As they continued, Jaskier had recited a few bawdy limericks that had made Geralt snort and then broken into song, belting out lively ditties with lyrics so filthy they nearly had the witcher blushing. With the sun shining cheerfully overhead, Roach trotting contentedly beneath him, and Jaskier making a fool of himself by his side, Geralt had felt lighter than he had in a long while.
Now, as he struggles against the wyvern pinning him to a tree, he wonders where it had all gone wrong. Maybe when he’d caught the scent of the beast and gone traipsing through the woods to find it, ignoring Jaskier’s loud protests from behind him. More likely when the monster had heard Jaskier’s voice and tried to swoop down to catch him for its lunch, forcing Geralt to leap off of Roach and shove the bard out of the way and making the distracted witcher an easy target.
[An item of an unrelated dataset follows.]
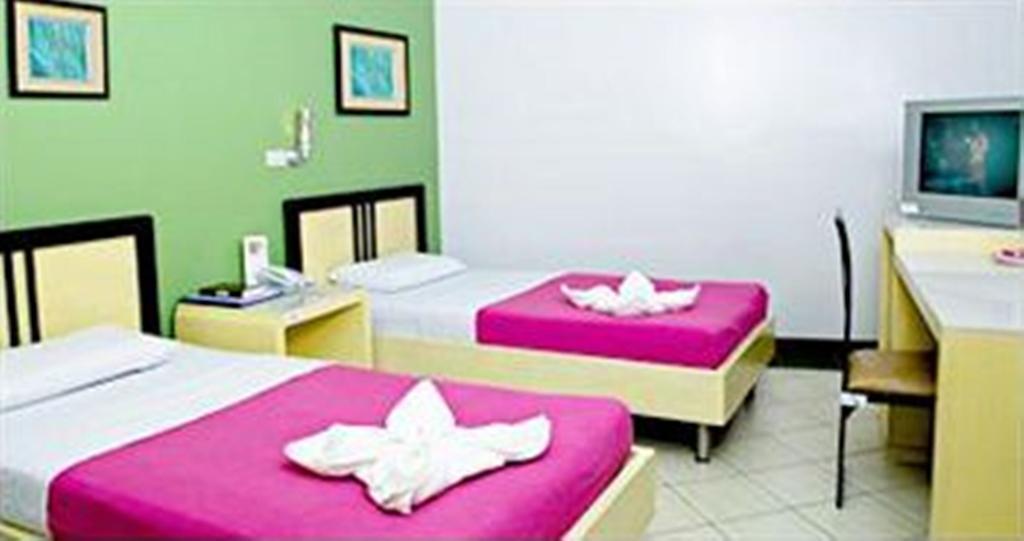 Riverside Inn Babuy Екстериор снимка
Geralt scowls as the wyvern screams in his face. The monster has him against the tree with one clawed foot, a talon pressing into his sternum in such a way that Geralt thinks if he weren’t wearing his armour he’d have already been gutted. His steel sword lays on the ground next to them and his right arm is pinned uselessly by his side. He tries to get hold of the silver sword on his back with his left hand, but it’s twisted awkwardly away and caught between his body and the tree. He’s going to have to dislocate his shoulder to get to it. It will be unpleasant, but it’s definitely doable—the real issue right now is keeping the wyvern from biting his head off.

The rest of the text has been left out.